In the plot below I visualized most common words for all seasons and episodes.

I also decided to check the frequency of the most common words by season and by top 10 characters. Please find the graphs below.

From the plot below using wordcloud package, we can find top 100 words that frequently appeared throughout all episodes of the series.

SENTIMENT ANALYSIS

As the next step of the analysis I investigated the sentiments of the lines. I decided to download 2 general sentiment lexicons, that are NRC and Bing. These lexicons assign sentiments to words in different ways. The NRC lexicon has several sentiment categories such as joy or anger, the Bing lexicon only has positive and negative sentiment categories. Firstly I joined the tokens with the NRC and Bing lexicons to see which sentiment categories they got assigned to. From the table below it can be noticed that the negative categories have the highest number of lines

## # A tibble: 10 x 2
##    sentiment    num_words
##    <chr>            <int>
##  1 negative          9161
##  2 positive          9005
##  3 trust             5898
##  4 fear              5286
##  5 anticipation      5237
##  6 sadness           5015
##  7 joy               4500
##  8 anger             4264
##  9 disgust           3301
## 10 surprise          2466
## # A tibble: 2 x 2
##   sentiment num_words
##   <chr>         <int>
## 1 negative       9517
## 2 positive       5016
## # A tibble: 5 x 2
##   sentiment    num_words
##   <chr>            <int>
## 1 negative          3661
## 2 positive           885
## 3 constraining       305
## 4 uncertainty        289
## 5 litigious          103

With NRC lexicon I also built graphs to show sentiments of 3 main characters, Damon, Stefan and Elena. As it can be seen from the plots below all of them have mostly negative sentiments.

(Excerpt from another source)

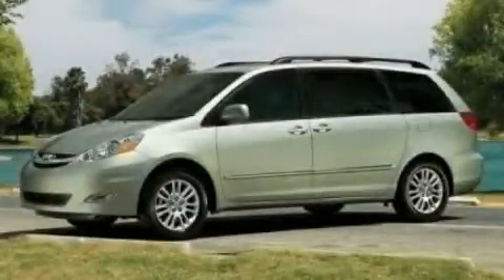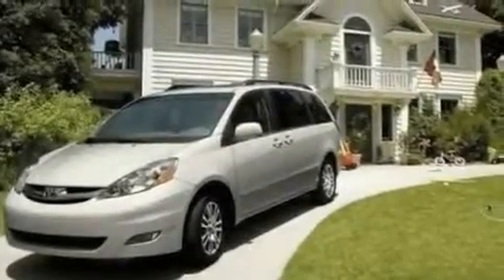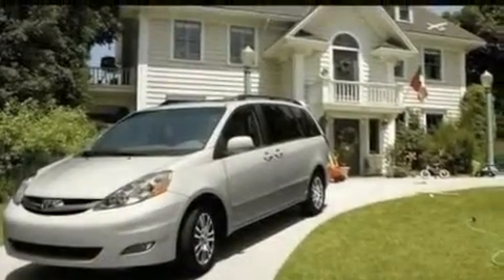This is a 2006 Toyota Sienna, room for the entire family. It has a 3.3-liter, six-cylinder engine and an automatic transmission.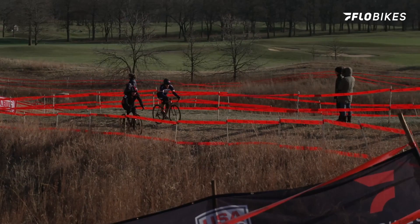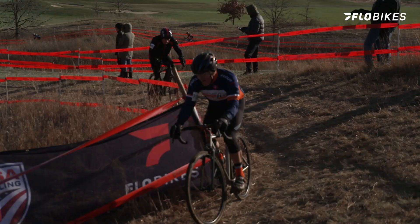Hey, it's Jessica with Flow Bikes and we are here right outside of Chicago in Wheaton, Illinois, for the cyclocross national championships. We just got a little preview of the course and it's actually a little bit icy on the ground, so let's just jump right into that course preview.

## compare sentiments across top 3 main characters with NRC lexicon
## get names of top 3 main artists 
top3 <- df %>% 
  count(character, sort = T) %>% 
  head(3)

## calculate sentiment for their texts
top3_sentiment <- df_tokens %>% 
  filter(character %in% top3$character) %>% 
  inner_join(bing) %>%
  count(character, index = title, sentiment) %>%
  pivot_wider(names_from = sentiment, values_from = n, values_fill = 0) %>% 
  mutate(sentiment = positive - negative)

## plot sentiment
ggplot(top3_sentiment, aes(index, sentiment, fill = character)) +
  geom_col(show.legend = FALSE) +
  scale_fill_viridis_d() +
  facet_wrap(~character, ncol = 1, scales = "free_x") +
  labs(x = "", y = 'Sentiment', title = 'Sentiments of 3 main characters') +
  theme(axis.text.x = element_blank(),
        axis.ticks = element_blank())

I also used Bing lexicon to check the most common and negative words for series at all. As it can be noticed from the graphs below the most common negative word is dead and most common positive word is love.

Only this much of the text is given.